In [1]:
# import libraries and read in data
import pandas as pd
from IPython.display import display, HTML

# BookCorpus, from directory downloaded from https://yknzhu.wixsite.com/mbweb
bc_books = pd.read_csv('data/BookCorpus/books_in_bookcorpus.csv')

# BookCorpusOpen, downloaded from https://huggingface.co/datasets/bookcorpusopen
bcopen_books = pd.read_csv('data/BookCorpusOpen/2020-08-27-epub_urls.txt',header=None,names=['EpubLink'])

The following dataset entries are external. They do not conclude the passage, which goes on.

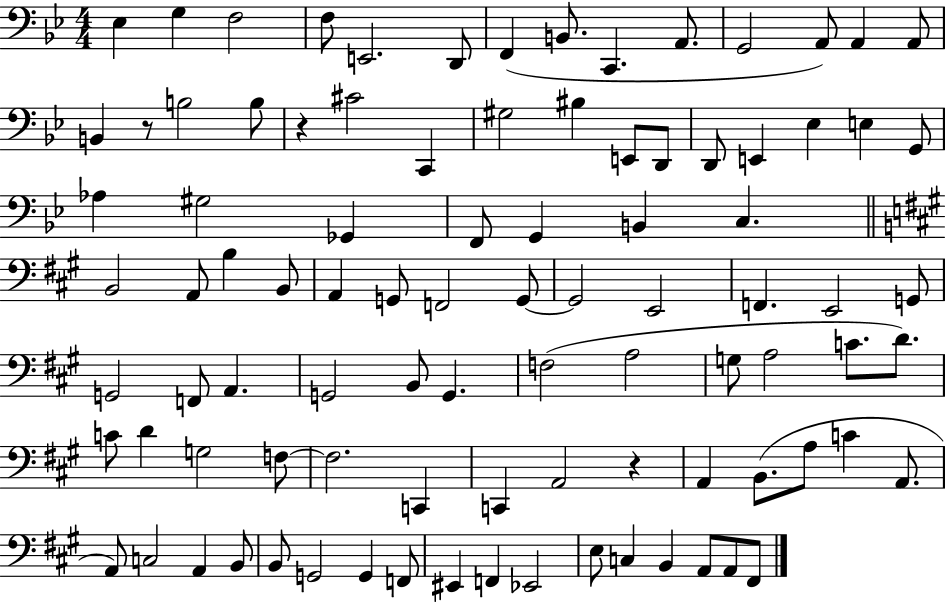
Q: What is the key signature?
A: BES major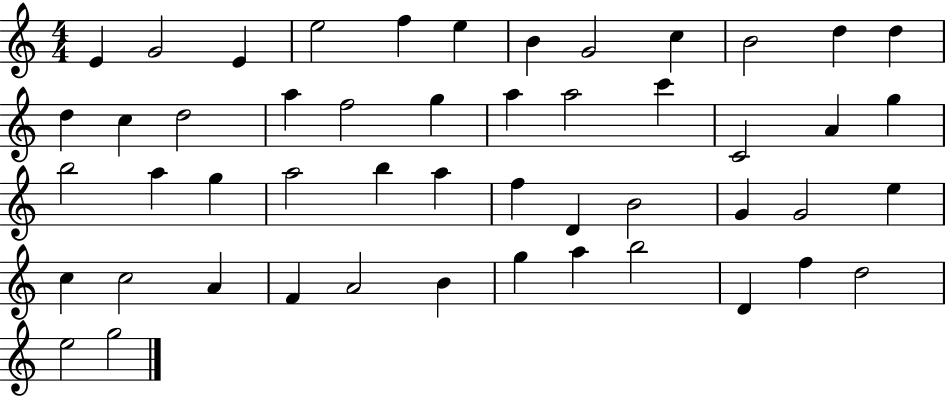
E4/q G4/h E4/q E5/h F5/q E5/q B4/q G4/h C5/q B4/h D5/q D5/q D5/q C5/q D5/h A5/q F5/h G5/q A5/q A5/h C6/q C4/h A4/q G5/q B5/h A5/q G5/q A5/h B5/q A5/q F5/q D4/q B4/h G4/q G4/h E5/q C5/q C5/h A4/q F4/q A4/h B4/q G5/q A5/q B5/h D4/q F5/q D5/h E5/h G5/h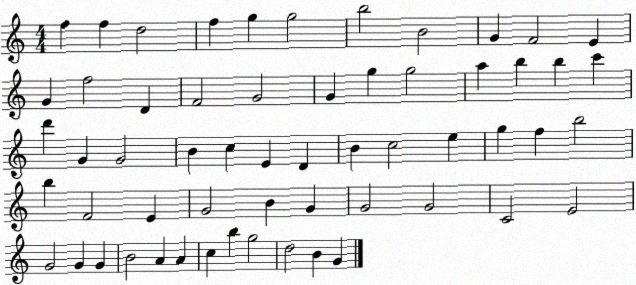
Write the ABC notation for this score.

X:1
T:Untitled
M:4/4
L:1/4
K:C
f f d2 f g g2 b2 B2 G F2 E G f2 D F2 G2 G g g2 a b b c' d' G G2 B c E D B c2 e g f b2 b F2 E G2 B G G2 G2 C2 E2 G2 G G B2 A A c b g2 d2 B G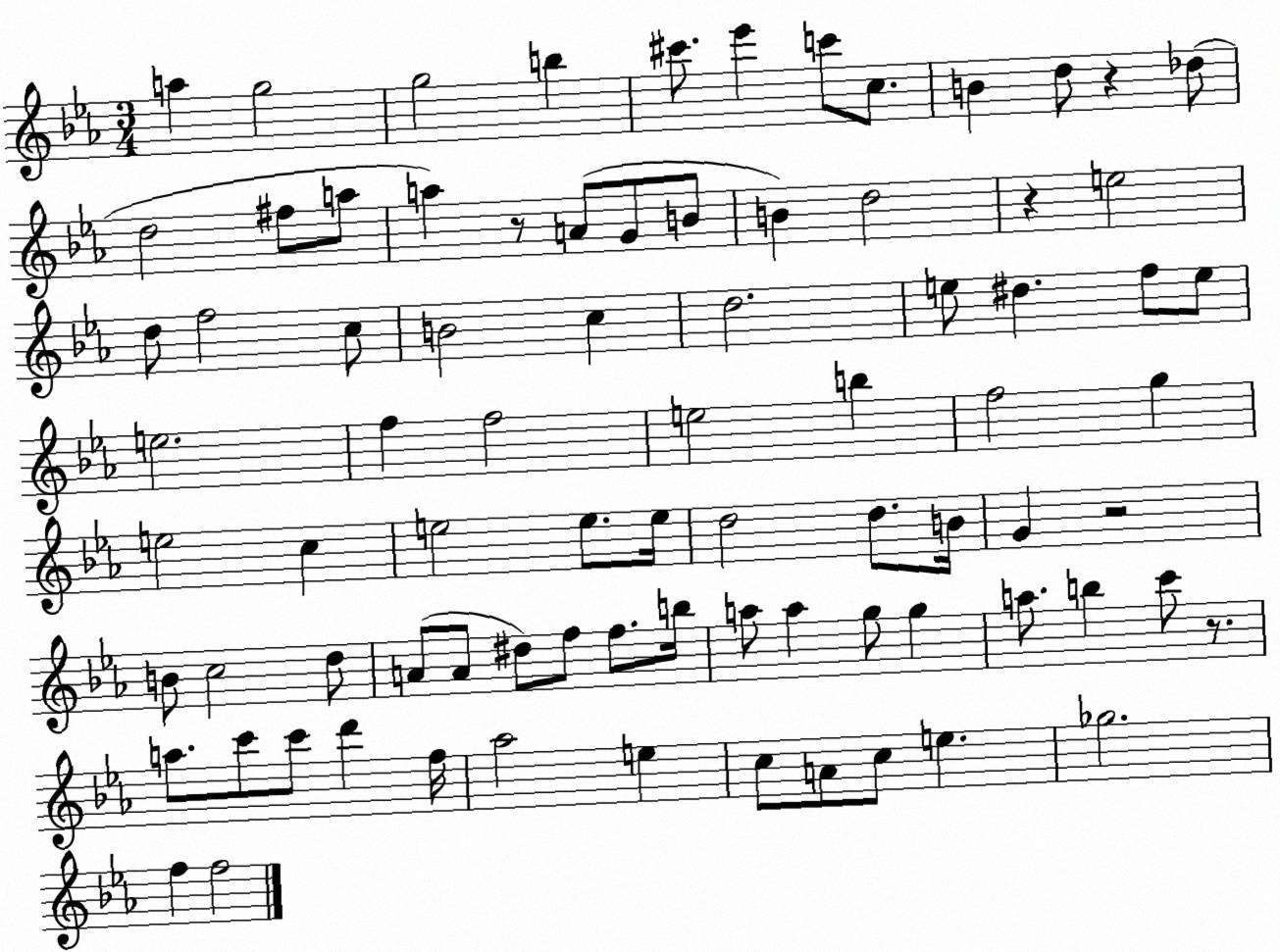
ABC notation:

X:1
T:Untitled
M:3/4
L:1/4
K:Eb
a g2 g2 b ^c'/2 _e' c'/2 c/2 B d/2 z _d/2 d2 ^f/2 a/2 a z/2 A/2 G/2 B/2 B d2 z e2 d/2 f2 c/2 B2 c d2 e/2 ^d f/2 e/2 e2 f f2 e2 b f2 g e2 c e2 e/2 e/4 d2 d/2 B/4 G z2 B/2 c2 d/2 A/2 A/2 ^d/2 f/2 f/2 b/4 a/2 a g/2 g a/2 b c'/2 z/2 a/2 c'/2 c'/2 d' f/4 _a2 e c/2 A/2 c/2 e _g2 f f2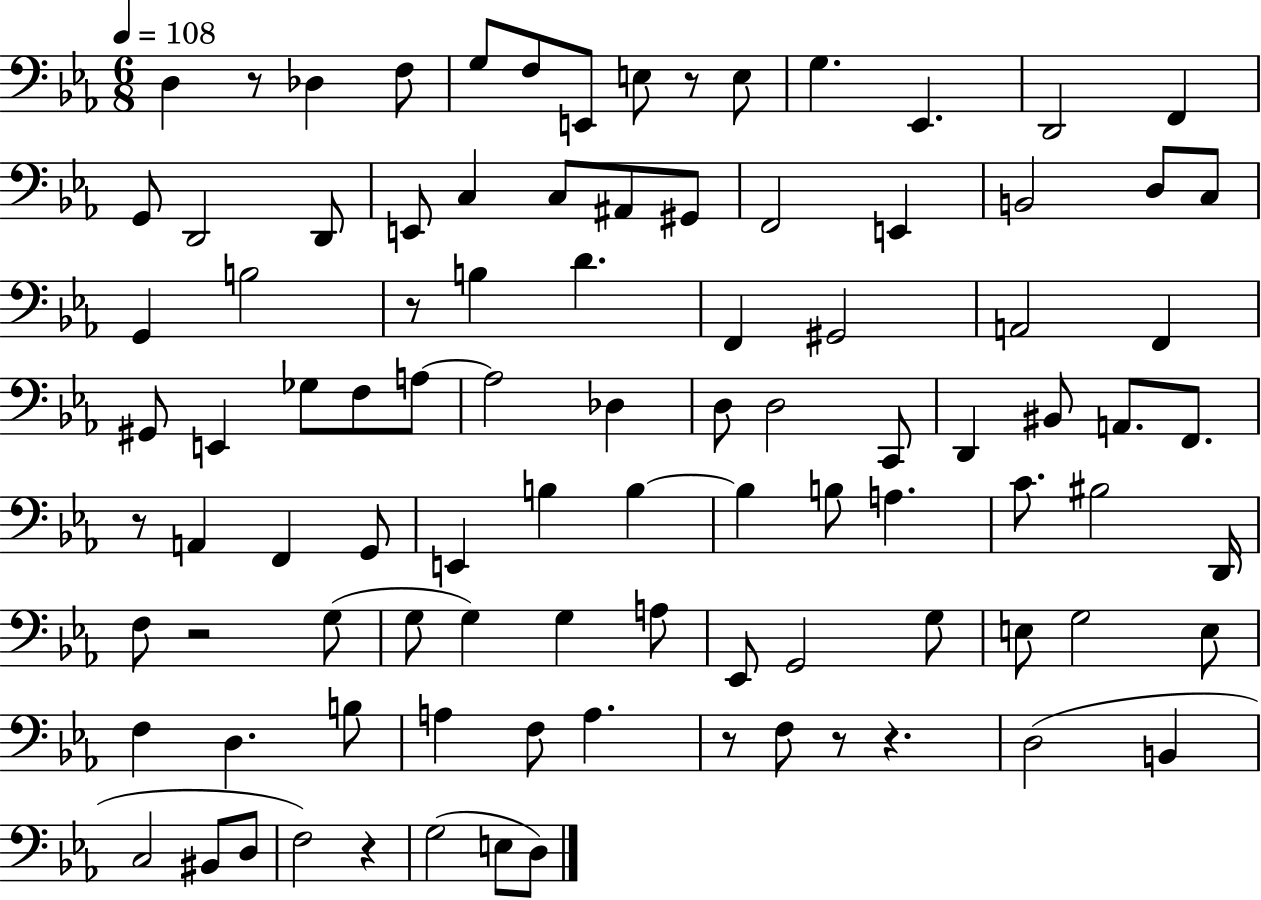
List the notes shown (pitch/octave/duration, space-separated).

D3/q R/e Db3/q F3/e G3/e F3/e E2/e E3/e R/e E3/e G3/q. Eb2/q. D2/h F2/q G2/e D2/h D2/e E2/e C3/q C3/e A#2/e G#2/e F2/h E2/q B2/h D3/e C3/e G2/q B3/h R/e B3/q D4/q. F2/q G#2/h A2/h F2/q G#2/e E2/q Gb3/e F3/e A3/e A3/h Db3/q D3/e D3/h C2/e D2/q BIS2/e A2/e. F2/e. R/e A2/q F2/q G2/e E2/q B3/q B3/q B3/q B3/e A3/q. C4/e. BIS3/h D2/s F3/e R/h G3/e G3/e G3/q G3/q A3/e Eb2/e G2/h G3/e E3/e G3/h E3/e F3/q D3/q. B3/e A3/q F3/e A3/q. R/e F3/e R/e R/q. D3/h B2/q C3/h BIS2/e D3/e F3/h R/q G3/h E3/e D3/e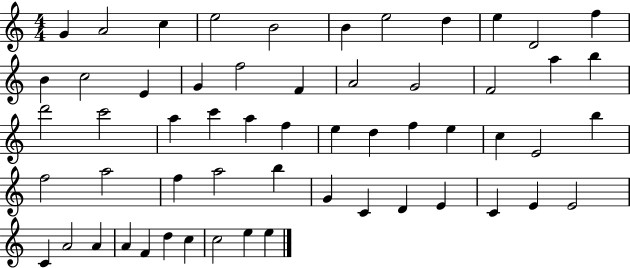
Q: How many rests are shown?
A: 0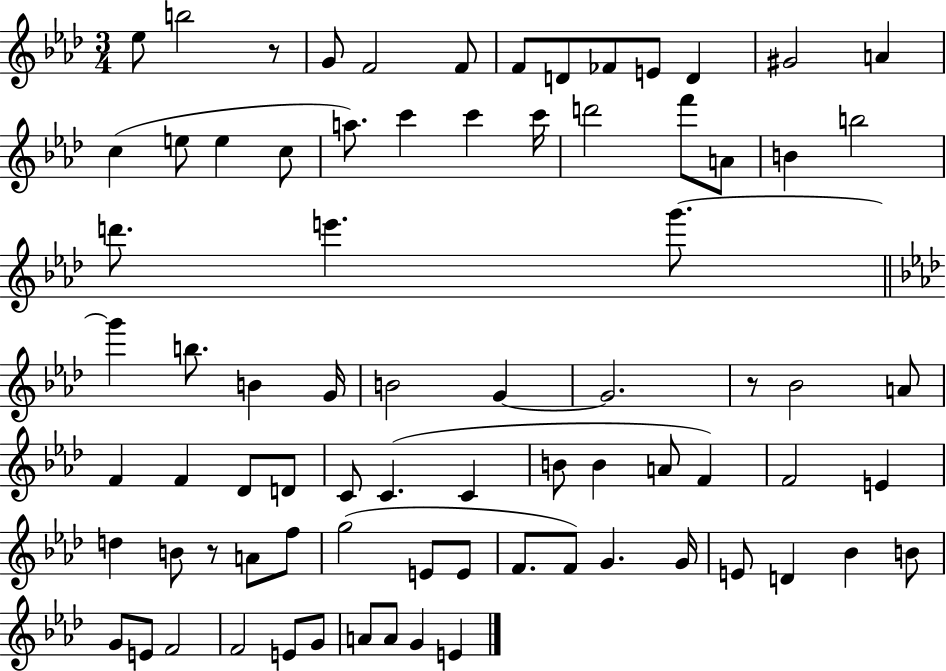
X:1
T:Untitled
M:3/4
L:1/4
K:Ab
_e/2 b2 z/2 G/2 F2 F/2 F/2 D/2 _F/2 E/2 D ^G2 A c e/2 e c/2 a/2 c' c' c'/4 d'2 f'/2 A/2 B b2 d'/2 e' g'/2 g' b/2 B G/4 B2 G G2 z/2 _B2 A/2 F F _D/2 D/2 C/2 C C B/2 B A/2 F F2 E d B/2 z/2 A/2 f/2 g2 E/2 E/2 F/2 F/2 G G/4 E/2 D _B B/2 G/2 E/2 F2 F2 E/2 G/2 A/2 A/2 G E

# Smashwords, scraped from smashwords.com in April 2021
sw_thru14 = pd.read_csv('data/Smashwords/smashwords_thru_2014.csv')
sw_after14 = pd.read_csv('data/Smashwords/smashwords_after_2014.csv')
sw_books = pd.concat([sw_thru14,sw_after14])

In [2]:
# merge data for clearer processing
bcopen_books['smashwords_id'] = bcopen_books.EpubLink.str.split('/',expand=True)[5]
bcopen_books['in_bcopen'] = True

sw_books['smashwords_id'] = sw_books.Link.str.split('/',expand=True)[5]
sw_books = sw_books.merge(bcopen_books, how='outer',on='smashwords_id')
sw_books.fillna(value='',inplace=True)

## General Composition

In [3]:
# How many instances (books) are there in total?
print(len(bc_books))

11040


In [4]:
# To align with the 11,038 reported by Zhu and Kiros et al., remove "adventure-all.txt" and "romance-all.txt"
extra_books = bc_books[(bc_books.fname.str.contains('adventure-all.txt')|bc_books.fname.str.contains('romance-all.txt'))]
bc_books = bc_books[~(bc_books.fname.str.contains('adventure-all.txt')|bc_books.fname.str.contains('romance-all.txt'))]

In [5]:
len(bc_books)

11038

In [6]:
# How many unique books are there in total?
# Base this on the fingerprint of each entry: filename + word count + disk usage
bc_books_unique=bc_books.drop_duplicates(subset=['fname','word_count','disk_usage'])
len(bc_books_unique)

7189

In [7]:
# How many words in the files?
bc_books.word_count.sum()

811601031

In [8]:
# Zhu and Kiros et al. report 984,846,357, so this does not align
# For now, we hypothesize that this is due to empty text files
# e.g. 'All_I_Want_for_Christmas_Is_a_Vampire.txt' is empty in the download from https://yknzhu.wixsite.com/mbweb

# If we add the words from the "extra books," the word count exceeds the original reported
extra_books.word_count.sum() + bc_books.word_count.sum()

1042409939

## Duplicate Listings

In [9]:
# How many listings may be duplicated?
# (based on the filename + word count + disk usage fingerprint)
len(bc_books) - len(bc_books_unique)

3849

In [10]:
# Look for filenames occuring multiple times
potential_dups = pd.DataFrame(bc_books.fname.value_counts())
potential_dups.columns = ['n']
potential_dups=potential_dups[potential_dups.n>1]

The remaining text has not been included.